In the case of New Zealand, the productivity measure covers hospital-based services, given data limitations for non-hospital services. System-level examples of a recent decline in health care productivity include measures from New Zealand (Ministry of Health, 2009), the United Kingdom (Office of National Statistics, 2006) and the Netherlands (Chessa and Kleima, 2003). In each case, the measured decline is due to outputs growing more slowly than recent growth in inputs, although as each study notes, there are real difficulties in measuring the changing quality of outputs. These measures also need to be looked at alongside other proxy indicators of system productivity, such as the average length of stay in hospitals. For example, technological developments and administrative practices in hospitals enabled the average length of stay in public hospitals in New Zealand to be halved between 1989 and 2001 - suggesting some productivity gains over this period (Ministry of Health, 2008).

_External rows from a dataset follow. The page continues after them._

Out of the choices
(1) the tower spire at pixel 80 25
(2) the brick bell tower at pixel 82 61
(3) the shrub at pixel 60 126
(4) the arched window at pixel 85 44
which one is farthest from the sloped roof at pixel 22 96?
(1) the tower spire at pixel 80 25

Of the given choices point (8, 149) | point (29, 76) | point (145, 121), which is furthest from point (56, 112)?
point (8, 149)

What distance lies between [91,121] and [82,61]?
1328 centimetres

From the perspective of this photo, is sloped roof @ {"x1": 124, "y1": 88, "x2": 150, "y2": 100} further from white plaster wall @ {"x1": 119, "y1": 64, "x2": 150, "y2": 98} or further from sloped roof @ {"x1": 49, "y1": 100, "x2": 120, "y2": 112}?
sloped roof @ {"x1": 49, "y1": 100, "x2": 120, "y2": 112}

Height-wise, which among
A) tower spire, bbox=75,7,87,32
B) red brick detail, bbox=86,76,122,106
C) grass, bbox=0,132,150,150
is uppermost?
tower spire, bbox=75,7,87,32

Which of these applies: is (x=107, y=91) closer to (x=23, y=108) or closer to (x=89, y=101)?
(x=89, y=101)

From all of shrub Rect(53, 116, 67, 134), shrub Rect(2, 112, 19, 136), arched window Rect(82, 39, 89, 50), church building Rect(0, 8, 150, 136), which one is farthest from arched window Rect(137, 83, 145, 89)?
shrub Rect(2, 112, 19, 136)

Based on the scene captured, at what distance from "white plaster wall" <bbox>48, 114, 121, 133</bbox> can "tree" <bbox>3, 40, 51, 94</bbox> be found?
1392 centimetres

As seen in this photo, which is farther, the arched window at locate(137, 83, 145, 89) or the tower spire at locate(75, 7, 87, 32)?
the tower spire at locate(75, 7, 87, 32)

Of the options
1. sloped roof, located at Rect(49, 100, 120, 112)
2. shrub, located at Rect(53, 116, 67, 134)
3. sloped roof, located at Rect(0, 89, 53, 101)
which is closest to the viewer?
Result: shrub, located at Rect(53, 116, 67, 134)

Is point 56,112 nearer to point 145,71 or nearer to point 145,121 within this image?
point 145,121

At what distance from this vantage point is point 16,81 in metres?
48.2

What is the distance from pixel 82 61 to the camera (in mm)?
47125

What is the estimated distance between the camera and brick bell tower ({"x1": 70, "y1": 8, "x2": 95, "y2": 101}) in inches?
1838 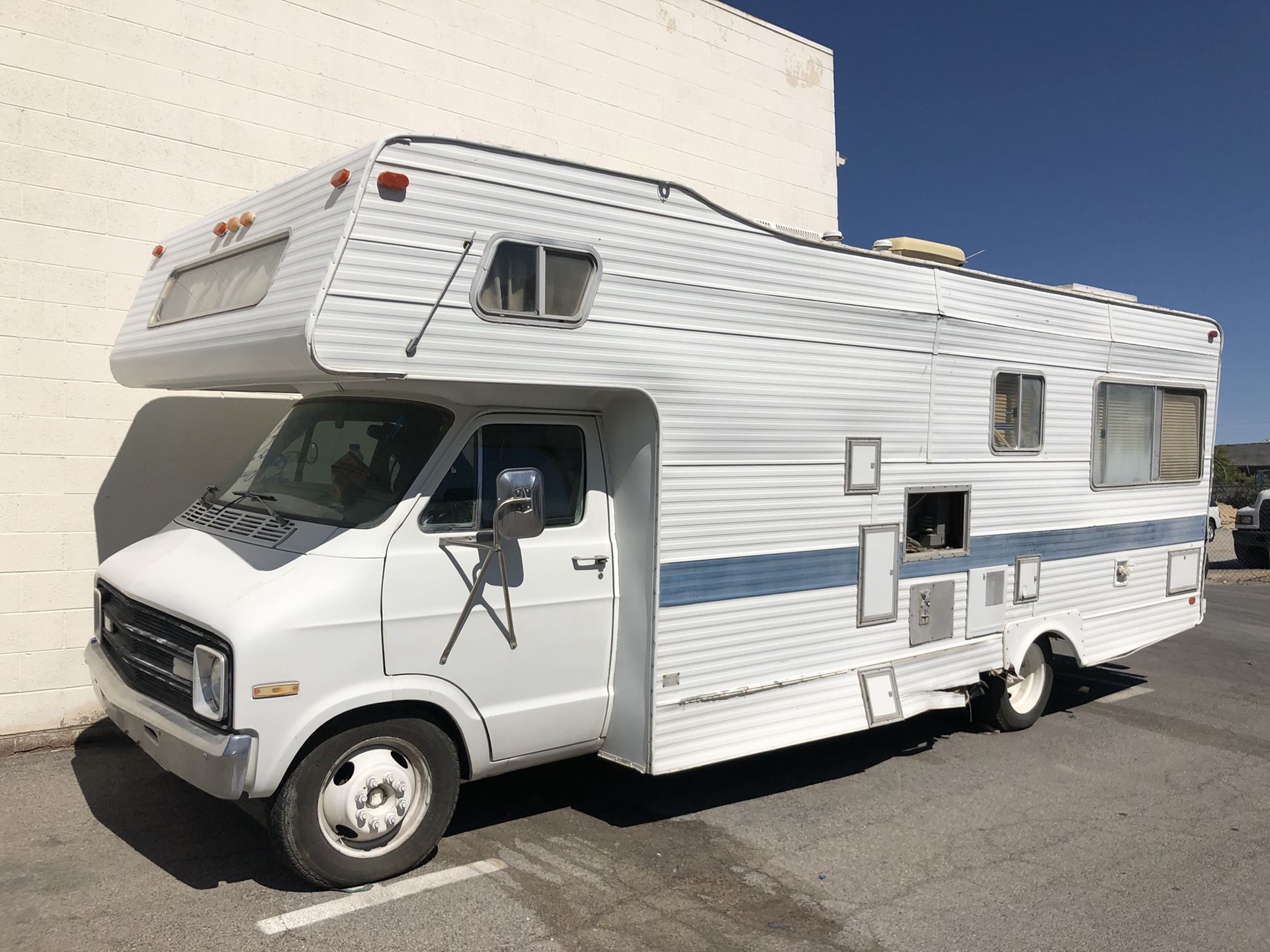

The institutional arrangements within the health system - how services are funded, and how and where they are delivered - also matter for spending growth. In a health system dominated by public funding, as the New Zealand system is, these cost and coverage pressures can lead to government initiatives to expand services and increase existing entitlements. In recent years, discretionary policy choices have been a major driver of the growth in health spending - accounting for at least half of the increase between 2002 and 2008 - in addition to spending increases to manage price and volume pressures.[19] In addition, the government relies on agents at all levels of the health system, including District Health Boards (DHBs), Pharmac, and clinicians, to allocate resources and manage cost pressures. The way people are organised and motivated affects how efficiently resources are used, and how spending pressures are managed.

Notes

  • [17]New Zealand Treasury (2006), OECD (2006).
  • [18]Congressional Budget Office (2008).
  • [19]Calculated from Ministry of Health data on Vote Health initiatives.